:: PROMPT ::
Your answer must be an exact copy of the data below, minus any pictures.

:: PROVIDED DATA ::
------------------------------------
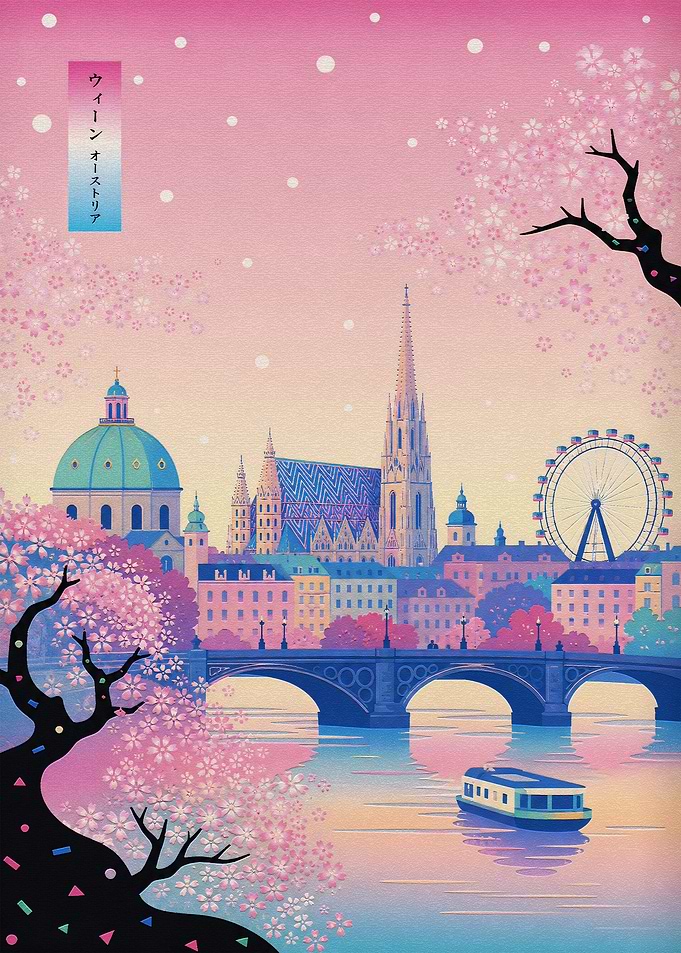 Vienna Cityscape with Cherry Blossoms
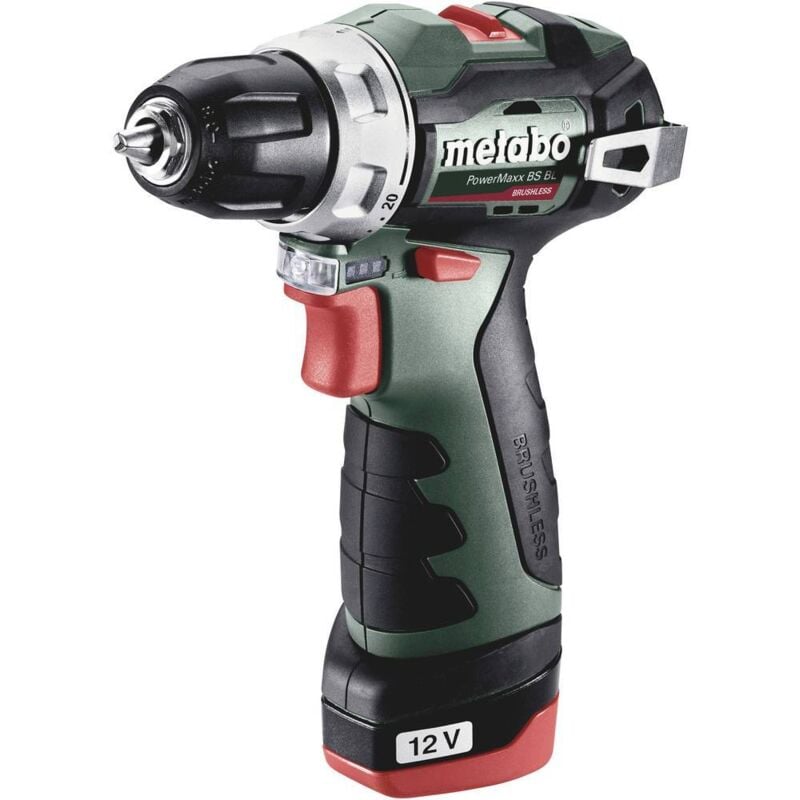 Metabo - Perceuse-visseuse sans fil PowerMaxx bs bl 601721500 12 v 2 Ah Li-Ion + 2 batteries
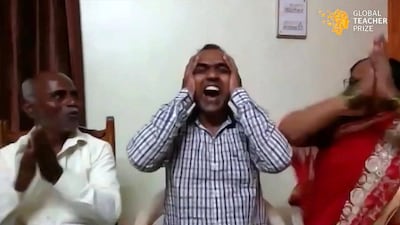 Ranjitsinh Disale, of India, donated half his prize money to the nine other finalists. The Varkey Foundation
------------------------------------
:: RESULT OF THE TASK ::
 Vienna Cityscape with Cherry Blossoms
 Metabo - Perceuse-visseuse sans fil PowerMaxx bs bl 601721500 12 v 2 Ah Li-Ion + 2 batteries
 Ranjitsinh Disale, of India, donated half his prize money to the nine other finalists. The Varkey Foundation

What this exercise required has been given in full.